側面の様式(その2)


・客室窓

 客室の窓についてはそれほど大きな違いはありませんが、形状について若干の違いを見ることが出来ます。次の写真を基に、その違いについて見て行きましょう。

 

115系窓[1](ユニット窓)
上野 2000.11.11

 

115系窓[2](非ユニット窓)
上野 2000.2.7

 これを見てみると、[1]の窓は、直角に枠を取ってありますが、[2]の窓はよく見るとサッシ窓が車体に埋めこんであるように見えます。
 見ようによっては前者の方が枠がむき出しなので古く見えるでしょうが、これは「ユニット窓」というはめ込み型の窓で、実は比較的新しいものなのです。これが開発される以前の車輛の窓は後者のように、車輛に直接溝を彫って窓をつけるものでした。
 ご年配の方ならば、「10系客車の窓と同じ」といえばぴんと来られることでしょう。時は昭和30年代、それまでの無骨な旧型客車に代わり、颯爽と現れたあの10系です。あの斬新なスタイルが当時一世を風靡したこともあって、電車にもこのような窓が取り入れられたのです。
 つまり、逆に言えば[2]のような窓を持っている115系は相当の車齢(少なくとも30年以上)だということです。何せ、ユニットサッシ化された300番代の製造初年が昭和48年ですからね(汗)。実際、よく見てみると側面に「特別保全工事」を示す記号があったりします。……ご老体はいたわりませう(笑)。

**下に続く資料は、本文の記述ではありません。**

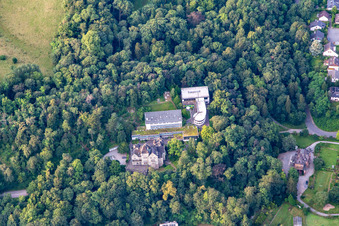 Vue aérienne de Villas sur la Nibelungenstrasse à Bensheim dans le département Hesse, Allemagne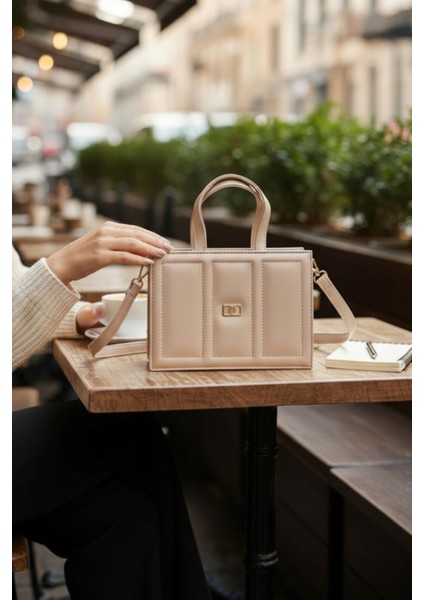 Kadın Vizon Peluş Charm Hediyeli Suni Deri Kadın El/omuz Çantası fiyatları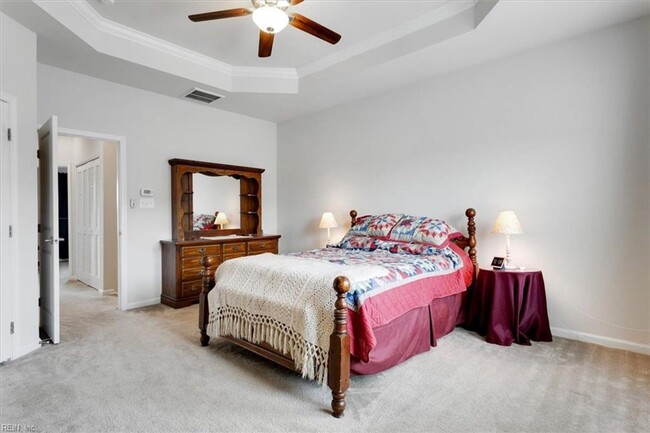 Building Photo - 3 bedroom/ 2 full bathroom and 1 half bath...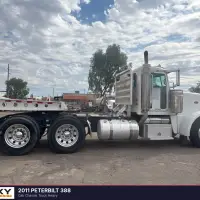 2011 PETERBILT 388 - view 3 of 26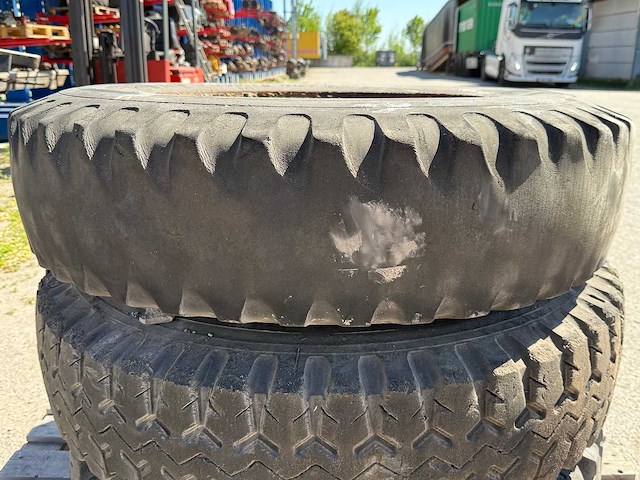 Dunlop - trak grip - band 11.00r20 (3x) - afbeelding 3 van  4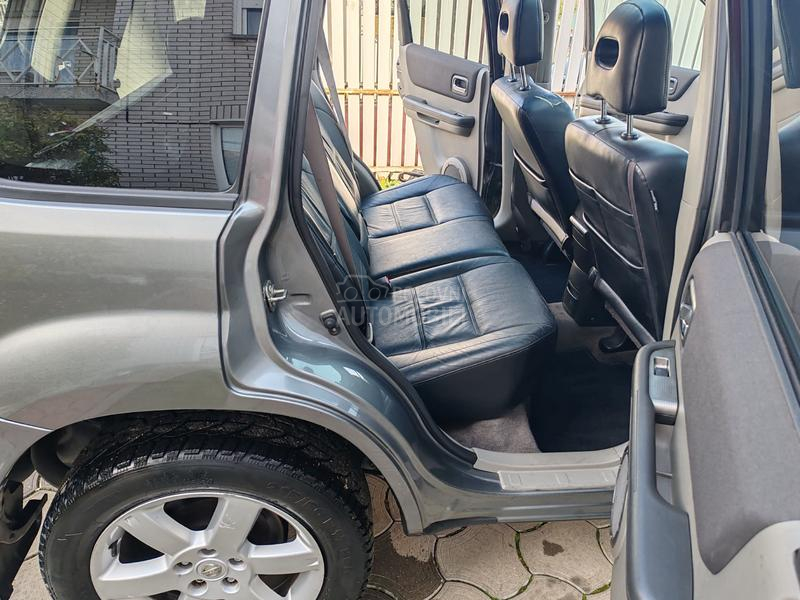 Nissan X-Trail 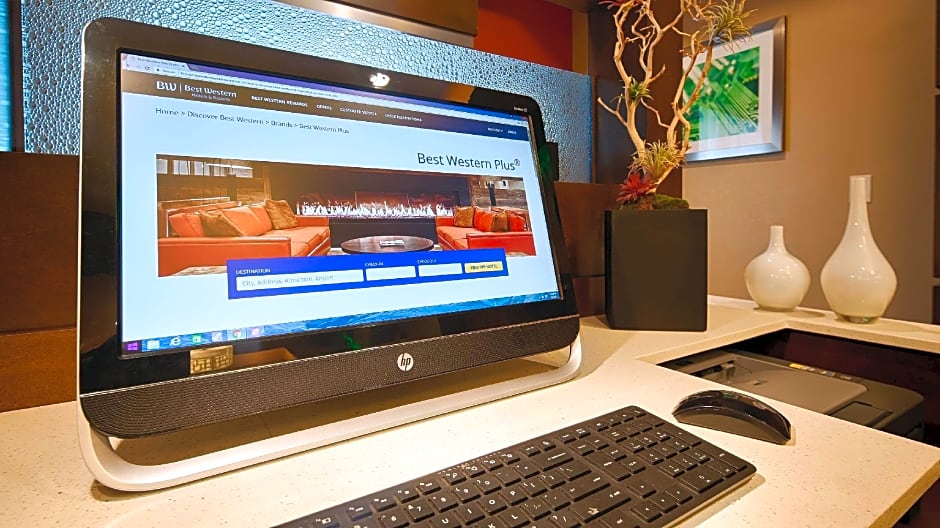 Best Western Plus Flatonia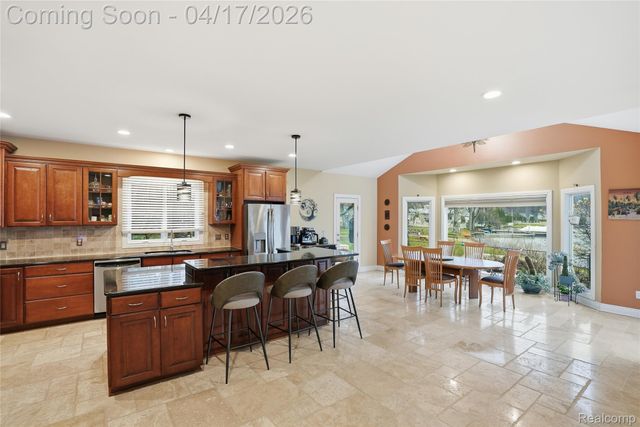 1836 Alsup Avenue, Commerce Charter Township, MI 48382
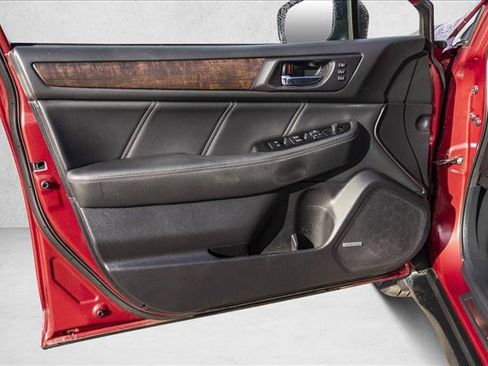 Used 2019 Subaru Outback 2.5i Limited w/ Popular Package #2 image 12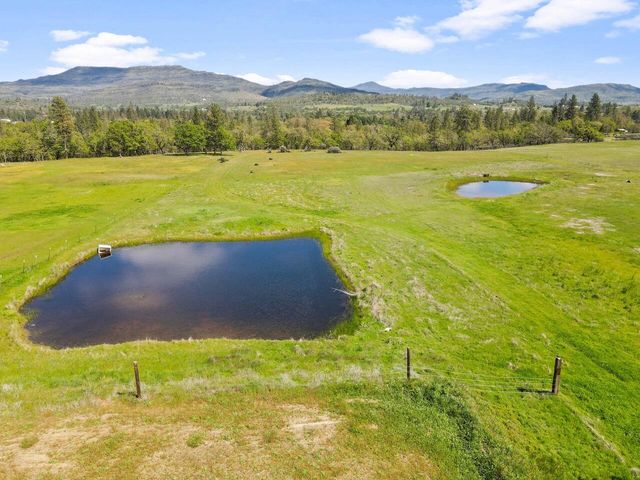 380 Greenleaf Drive, Eagle Point, OR 97524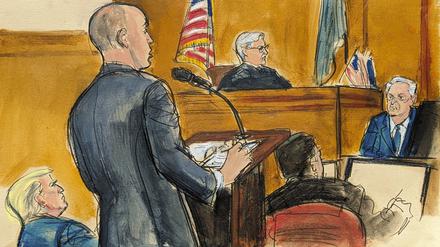 Die Zeichnung aus dem Gericht zeigt Donald Trump (l) beim zusehen, wie Verteidiger Emil Bove Robert Costello (r) befragt. Richter Juan Merchan führt den Vorsitz im Strafgericht von Manhattan. 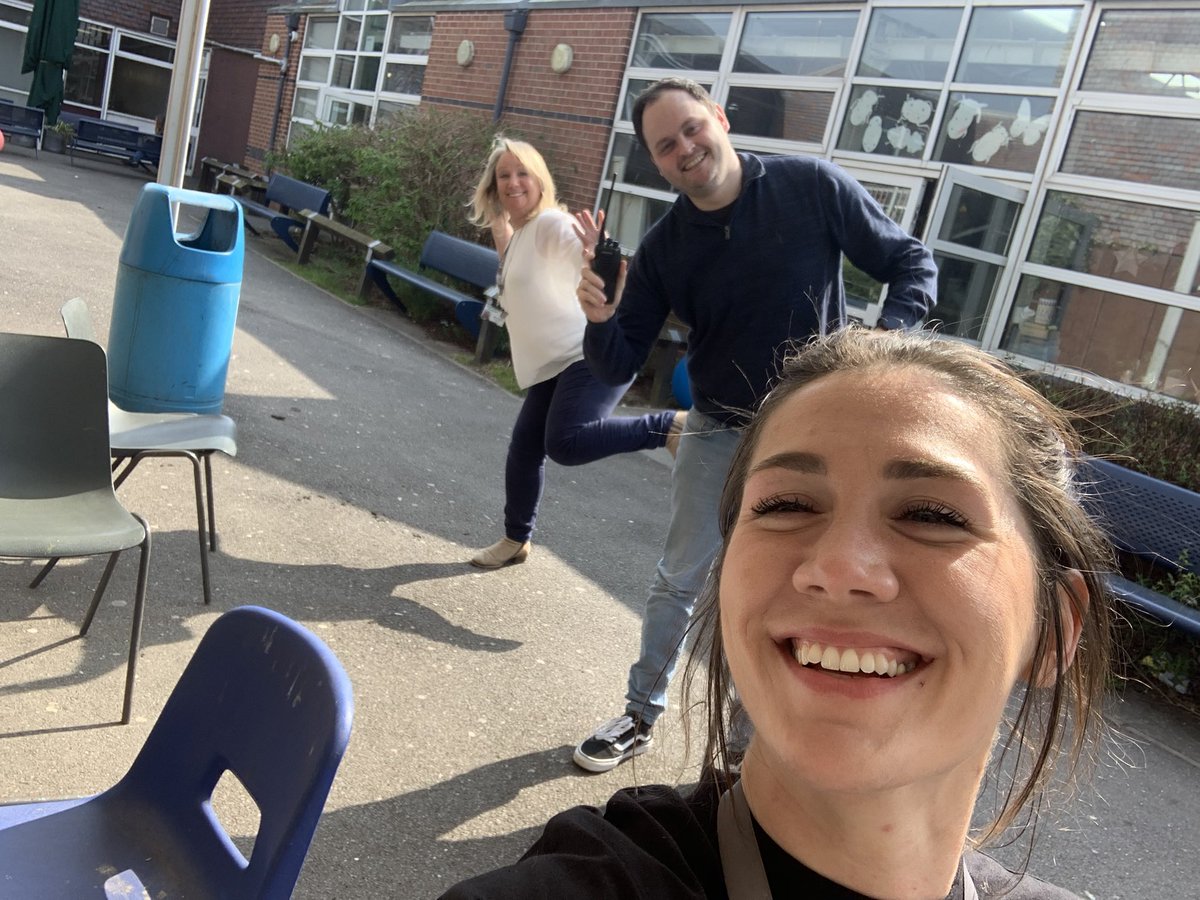 ChelloArtDept's tweet photo. Easter holidays In school saw a social distance selfie, table tennis, pottery, hide and seek, space hoppers and Kahoot! A day In the life of keyworkers 🤓 #keyworker #Easter2020 #TeacherStrong @ChelloAcademy https://t.co/FEbIpwt1Fm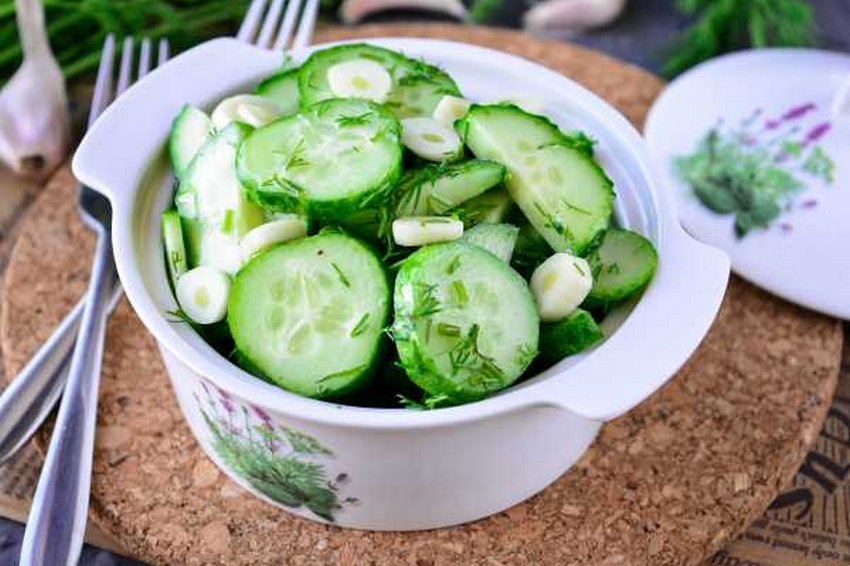 Салат с огурцами и чесноком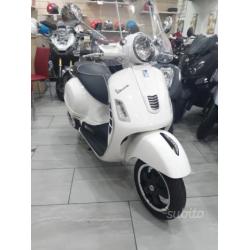 Piaggio Vespa 300 GTS - 2015 come nuova garanzia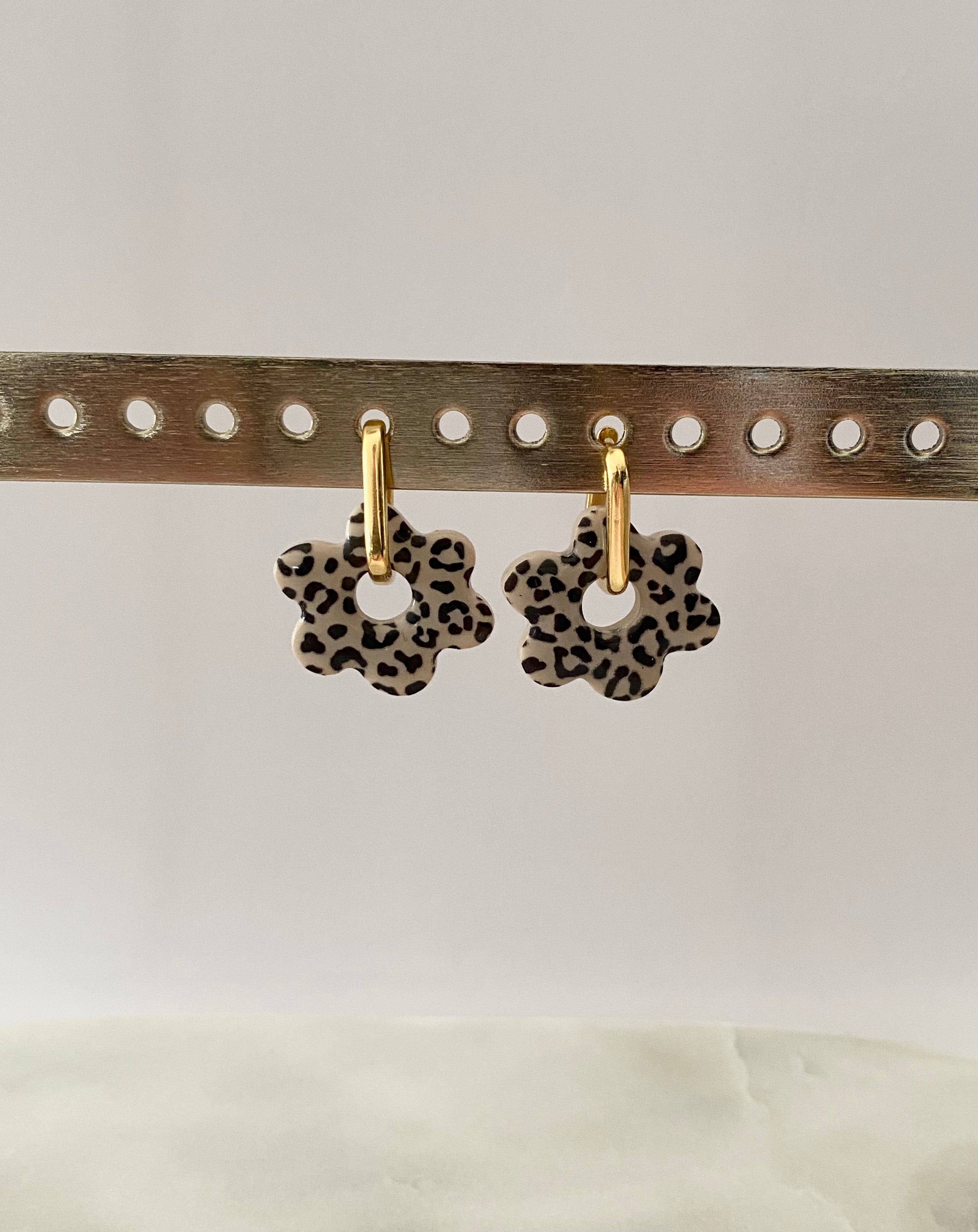 Boucles d'oreilles fleurs motif léopard et couleur au choix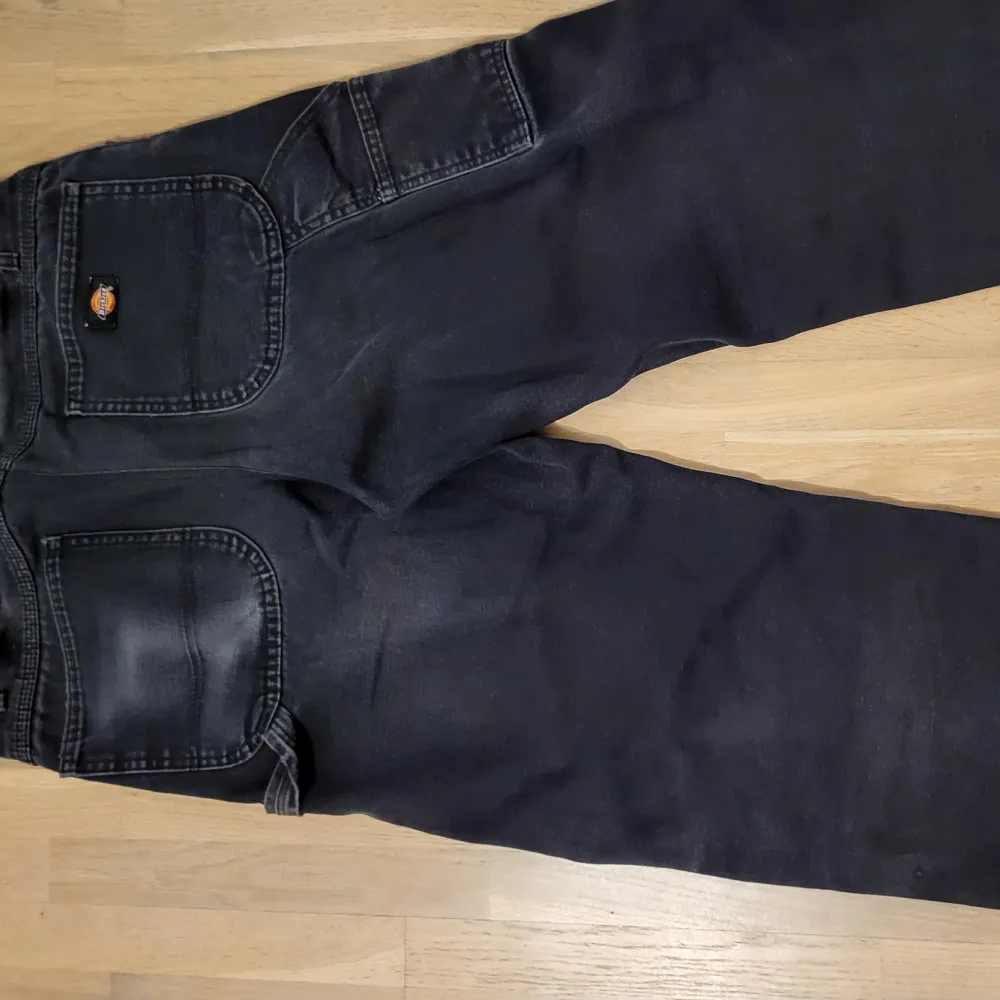 Galna vintage dickies workwear byxor, sitter rätt oversized för att den är waist 34. Natural distressing på fickorna, ben öppningen och själva byxorna 🤩🤩. Jeans & Byxor.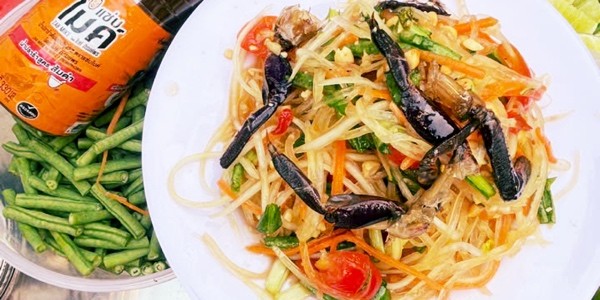 Gấu Thái - Gỏi Đu Đủ Thái, Chân Gà Sốt Thái & Bò Viên Chiên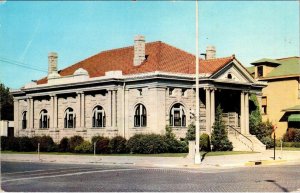 Lebanon, IN Indiana  CARNEGIE PUBLIC LIBRARY  Boone County  ca1950's Postcard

 これも番代による違いがあり、[1]は300番代以降、[2]は初期車(0番代・600番代)にのみ見られます。

・クーラー

 以上に挙げたものと比べて非常に地味ですが、115系では屋根の上にあるクーラーにも2つの違いがあります。

クーラー[1](集中式)
上野 2000.11.11

クーラー[2](分散式)
上野 2000.11.19

 写真が暗くて少し見づらいですが、[1]は1ヶ所に設置されているのに対し、[2]は2ヶ所に分けて設置されています。
 これはいわゆる「集中式クーラー」と「分散式クーラー」で、前者が中央部に集中させたクーラーでいくつものファンを回すのに対し、後者では2ヶ所に分けたクーラーでそれぞれ1つずつファンを回します。要するに前者では全面的に屋根を改造してクーラーを入れているのに対し、後者では非冷房時代の換気口を広げてそこにクーラーを1基ずつはめこんでいるわけです。
 こう書くと一見[2]の方が古そうですが、さにあらず。115系非冷房車の冷房化は、冷房車が新製され始めた昭和50年代から始まりましたが、実はこの際行われたのは[1]の方式でした。新製車がこの形式であることからそれに合わせたものでしょうが、この方式は屋根の全面張替えから車体補強まで大規模な改造をしなければならず、はっきり言って面倒でした。そこで民営化以降、採用されたのが[2]の方式だったのです。
 ただし、さすがに民営化の頃になると冷房化はほとんど終了していたため、この方式で改造された車両はクハ115‐196・203・204・223・224・228、モハ115‐99・117・121・125・135、モハ114‐103・107・111・121・823のわずか16両にすぎません。このため、この分散式クーラーを積む車両と出会うのは至難の技で、上の写真を撮るときもかなり苦労させられました。
 ちなみに、115系が積んでいるクーラーの型式は、集中式はAU75形、分散式はAU712形といいます。